Saturday, 14 July 2018
1969 Vivian Phillipps
Constituency : Edinburgh West 1922-24
Vivian took Edinburgh West from the Tories with a majority of 666 in a straight fight.
Vivian was born in Kent . He was educated at Charterhouse School ,Heidelberg University, where he became a fluent German speaker, and Cambridge. He started out as a German teacher at Fettes College in Edinburgh. During his time there he published a German text-book. In 1905 he left the school and became a barrister. He first stood for Blackpool in 1905 then Maidstone in both 1910 elections ( coming very close in December ). From 1912 to 1916 he was private secretary to the Scottish Secretary McKinnon Wood and retained the position under Harold Tennant. When Asquith fell from power he asked Vivian to become his private secretary. Vivian was virulently anti-Lloyd George and acknowledged that he was an impediment to the prospects of reunion. In 1918, he tried to succeed Gordon Harvey in Rochdale but came second to the couponed Conservative in a five-cornered contest.

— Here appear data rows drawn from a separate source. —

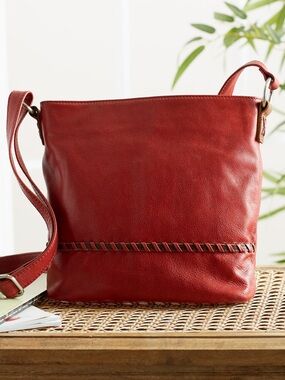Osgoode Marley Classic Red Leather Braided Accent Crossbody Bag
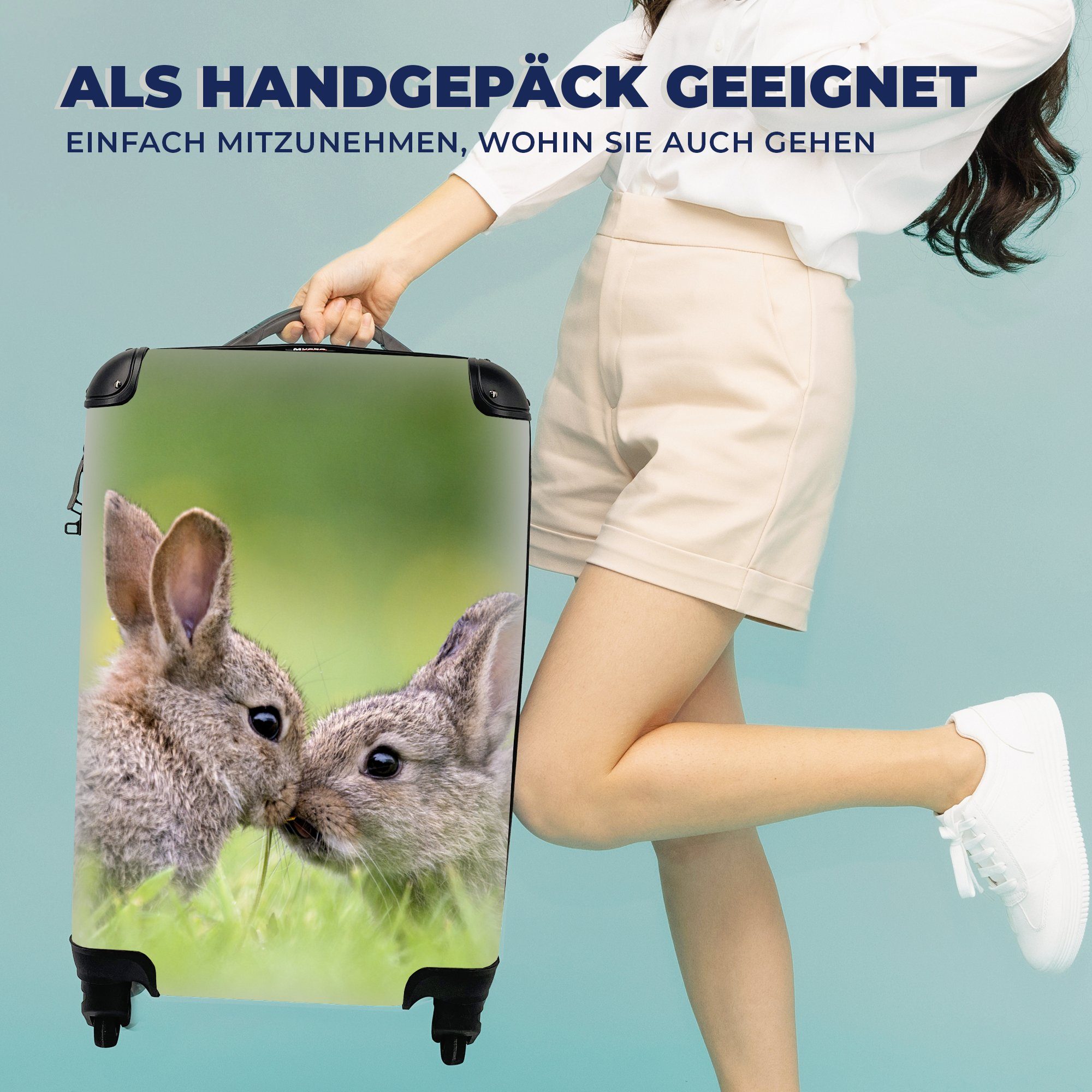 MuchoWow Handgepäckkoffer Kaninchen - Baby - Gras, 4 Rollen, Reisetasche mit rollen, Handgepäck für Ferien, Trolley, Reisekoffer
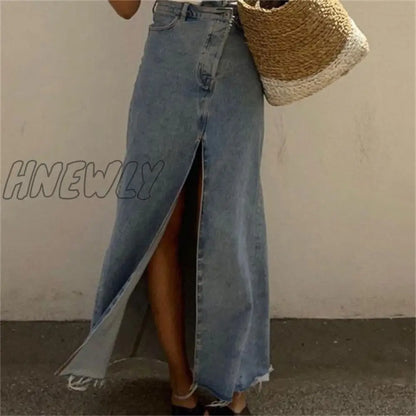 xsrrr New Casual High Waist Denim Skirts Women Spilt Out Maxi Jean Skirt Summer Holiday Long Skirts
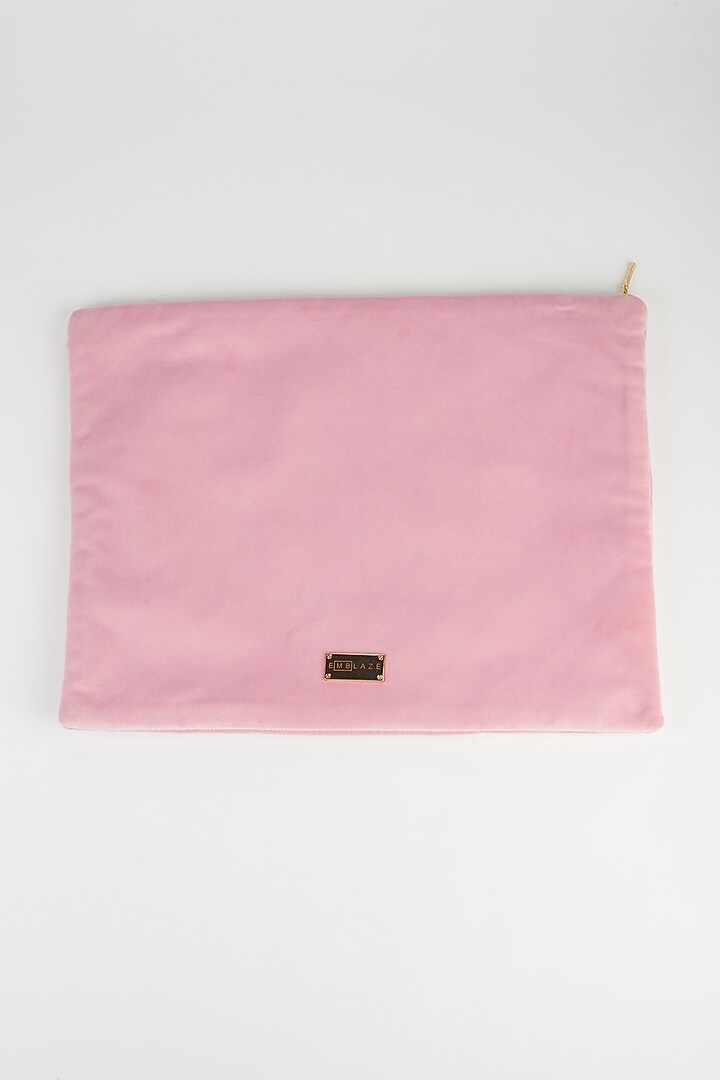 Baby Pink Embroidered Laptop Sleeve by Emblaze at Pernia's Pop Up Shop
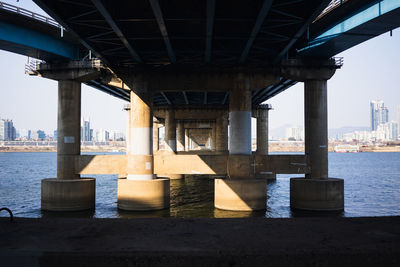 Bridge over river in city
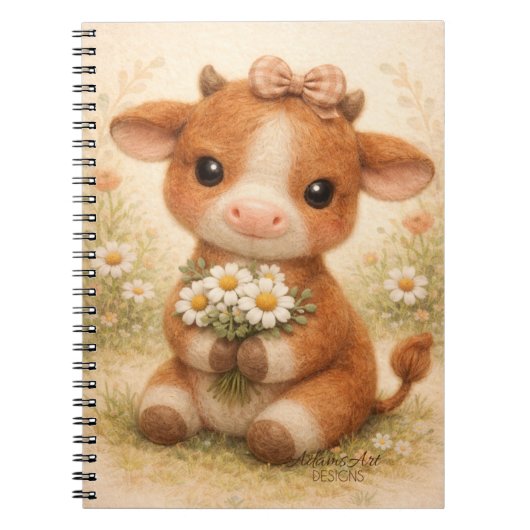 Cute Baby Cow with Daisies – Whimsical Farm ノートブック (正面)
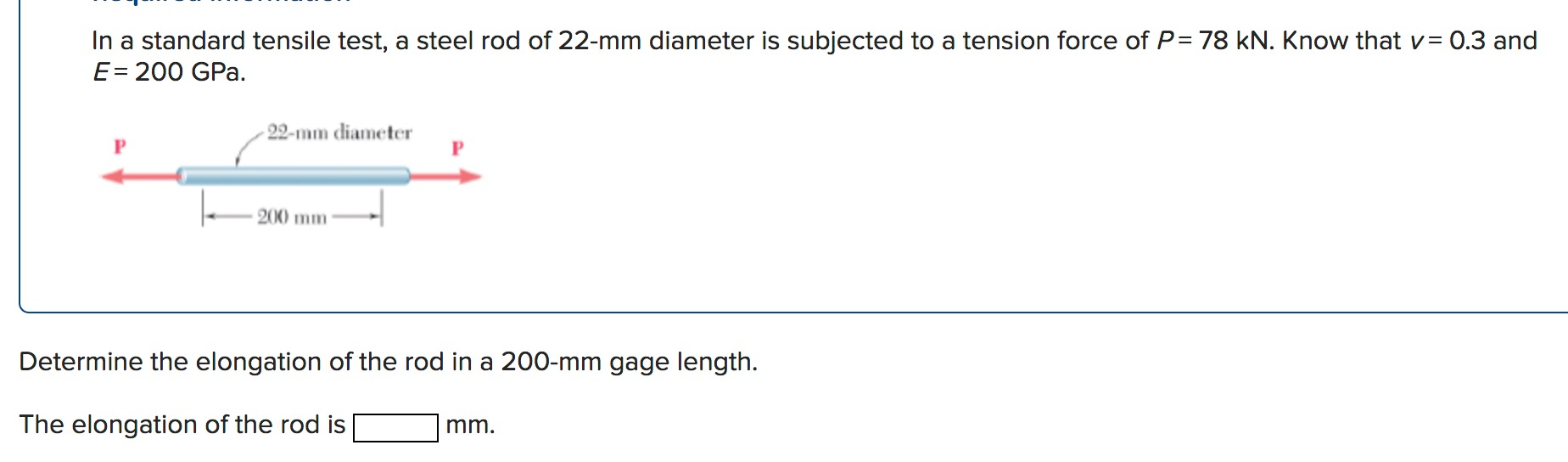 Solved In a standard tensile test, a steel rod of 22-mm | Chegg.com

He became Chef Whip in the new Parliament replacing James Hogge. It's been suggested Asquith deliberately appointed him to reduce the prospect of reunion. As a consequence Vivian never actually spoke in Parliament.
Despite Labour's intervention, Vivian increased his majority in 1923. He had a difficult time in the 1924 parliament as the Labour whips , headed by the alcoholic Ben Spoor, declined to confer with him despite their parlous position.
In 1924 Vivian came third in a close three-way contest won by the Conservatives. He became chairman of the Liberal Party Organisation and launched the Million Fighting Fund to raise finance for the party but the existence of Lloyd George's war chest was well known and donors were hard to find. He then set up the Liberal Council to rally those Liberals most hostile to Lloyd George. In 1927 he supplied the Morning Post with hostile information about the Lloyd George Fund, hoping to drive him out of public life.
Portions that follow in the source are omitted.